Re: Inaccessible pages & folios

Matthew Wilcox <willy@xxxxxxxxxxxxx> · Mon, 12 Apr 2021 14:55:14 +0100

On Mon, Apr 12, 2021 at 03:37:18PM +0200, Claudio Imbrenda wrote:
> On Mon, 12 Apr 2021 13:43:41 +0100
> Matthew Wilcox <willy@xxxxxxxxxxxxx> wrote:
> 
> [...]
> 
> > > For the rename case, how would you handle gup.c?  
> > 
> > At first, I'd turn it into
> > arch_make_folio_accessible(page_folio(page));
> 
> that's tricky. what happens if some pages in the folio cannot be made
> accessible?

I was only thinking about the page cache case ...

        access_ret = arch_make_page_accessible(page);
        /*
         * If writeback has been triggered on a page that cannot be made
         * accessible, it is too late to recover here.
         */
        VM_BUG_ON_PAGE(access_ret != 0, page);

... where it seems all pages _can_ be made accessible.

> also, I assume you keep the semantic difference between get_page and
> pin_page? that's also very important for us

I haven't changed anything in gup.c yet.  Just trying to get the page
cache to suck less right now.

> > So what you're saying is that the host might allocate, eg a 1GB folio
> > for a guest, then the guest splits that up into smaller chunks (eg
> > 1MB), and would only want one of those small chunks accessible to the
> > hypervisor?
> 
> qemu will allocate a big chunk of memory, and I/O would happen only on
> small chunks (depending on what the guest does). I don't know how swap
> and pagecache would behave in the folio scenario.
> 
> Also consider that currently we need 4k hardware pages for protected
> guests (so folios would be ok, as long as they are backed by small
> pages)
> 
> How and when are folios created actually?
> 
> is there a way to prevent creation of multi-page folios?

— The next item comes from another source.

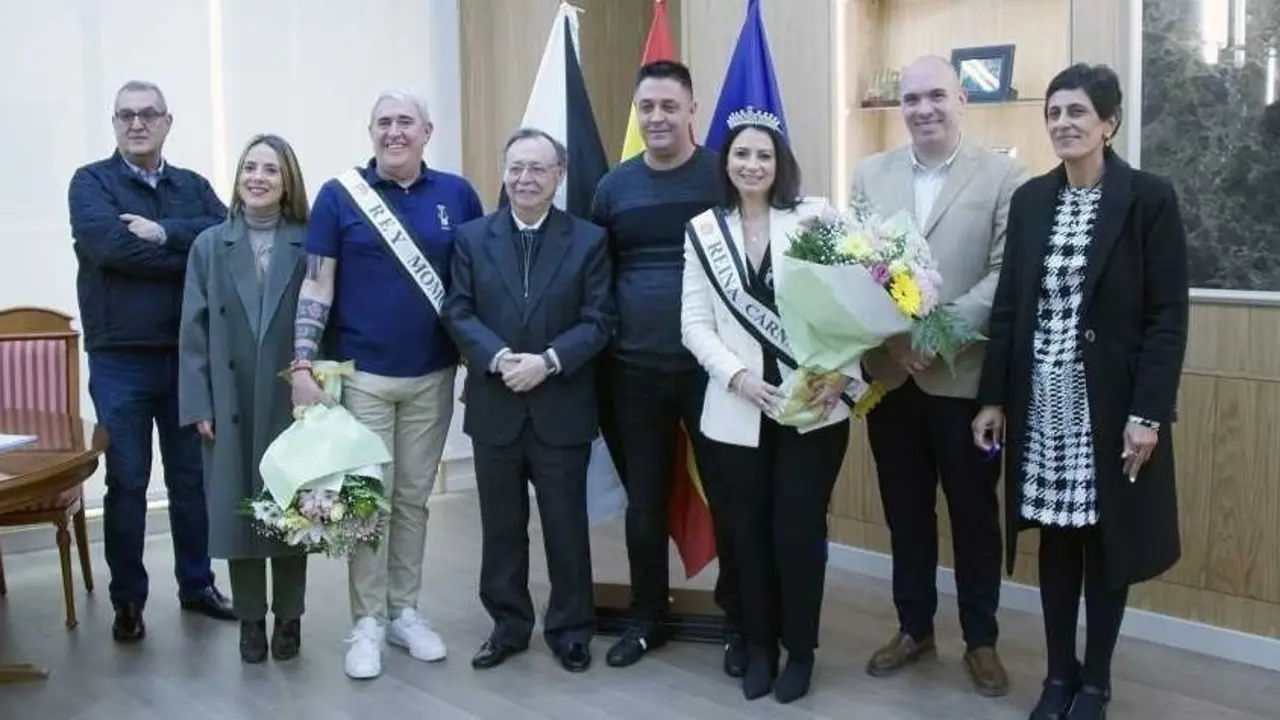Juan Vivas, acompa&ntilde;ado por las consejeras Kissy Chandiramani y Pilar Orozco y su jefa de Gabinete, Carolina P&eacute;rez, ha recibido este jueves a la Reina del Carnaval, Lola Seglar, y al &lsquo;Dios Momo&rsquo;, Jos&eacute; Luis Monteoliva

Today there's no way to create multi-page folios because I haven't submitted
the patch to add alloc_folio() and friends:

https://git.infradead.org/users/willy/pagecache.git/commitdiff/4fe26f7a28ffdc850cd016cdaaa74974c59c5f53

We do have a way to allocate compound pages and add them to the page cache,
but that's only in use by tmpfs/shmem.

What will happen is that (for filesystems which support multipage folios),
they'll be allocated by the page cache.  I expect other places will start
to use folios after that (eg anonymous memory), but I don't know where
all those places will be.  I hope not to be involved in that!

The general principle, though, is that the overhead of tracking memory in
page-sized units is too high, and we need to use larger units by default.
There are occasions when we need to do things to memory in smaller units,
and for those, we can choose to either handle sub-folio things, or we
can split a folio apart into smaller folios.

> > > a possible approach maybe would be to keep the _page variant, and
> > > add a _folio wrapper around it  
> > 
> > Yes, we can do that.  It's what I'm currently doing for
> > flush_dcache_folio().
> 
> where would the page flags be stored? as I said, we really depend on
> that bit to be set correctly to prevent potentially disruptive I/O
> errors. It's ok if the bit overindicates protection (non-protected
> pages can be marked as protected), but protected pages must at all
> times have the bit set.
> 
> the reason why this hook exists at all, is to prevent secure pages from
> being accidentally (or maliciously) fed into I/O

You can still use PG_arch_1 on the sub-pages of a folio.  It's one of the
things you'll have to decide, actually.  Does setting PG_arch_1 on
the head page of the folio indicate that the entire page is accessible,
or just that the head page is accessible?  Different page flags have
made different decisions here.